Sure, Mr. Tumnus and the Beaver’s may all have long since departed Narnia’s mortal plain, but the screen is now clear for a raft of new rabbiting mammals to provide some comic relief for the kiddies; in particular voice-of-reason Trufflehunter (Stott) the badger, and sword-wielding mouse Reepicheep (Izzard) whose persistently squeaky quips fire down many a derogatory comment aimed at his diminutive form. The dwarfs (one of which, naturally, is played by modest-for-hire Warwick Davis), meanwhile, still don’t exactly welcome trust, despite no longer being the White Witch’s minions…

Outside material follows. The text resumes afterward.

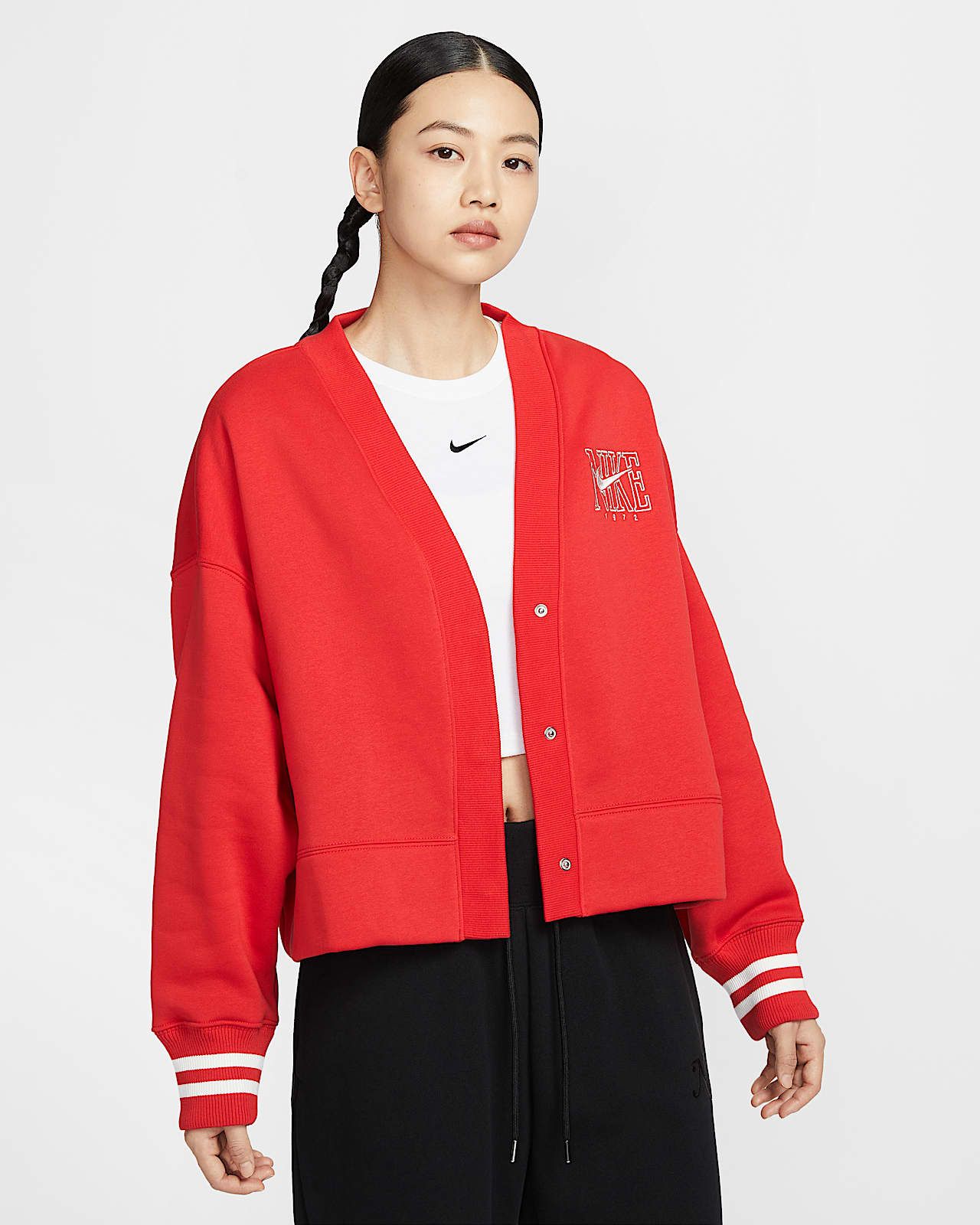 Nike - Áo khoác len thể thao Nữ Sportswear Phoenix Fleece Cardigan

I commend Adamson et al for their bravery and originality in expanding a treasured tome so indiscreetly. For this reason, Prince Caspian was always going to have its (purist) detractors. I was also pleasantly surprised by how little they pandered cringingly to their youngest demographic like the earliest Harry Potter films did – the Telmarine’s political backstabbing and warmongering, for instance, is likely to fly straight over the core audience's heads, but it is essential to setting up the civil war and Aslan’s noble return.

Yet for all the glossy effects, magical spectacle and humanizing themes there is still something about this updated series which doesn’t quite connect with me. Perhaps further depth to the characters and a more affectionate approach to the animal creations would invite viewers to bond more sincerely with the personal issues which affect the inhabitants of this world, instead of the overly cluttered approach which weighs down Caspian’s lengthy runtime and barely grants half of the cast more than a (snappy) line of dialogue.

In a CR@B Shell: Efficiently entertaining for its duration, but Prince Caspian’s appeal is as fleeting and shallow as the CGI effects which dominate Narnia’s bustling landscape. By no means an epic fail, but the warmth must be resurrected to stop The Dawn Treader from sinking.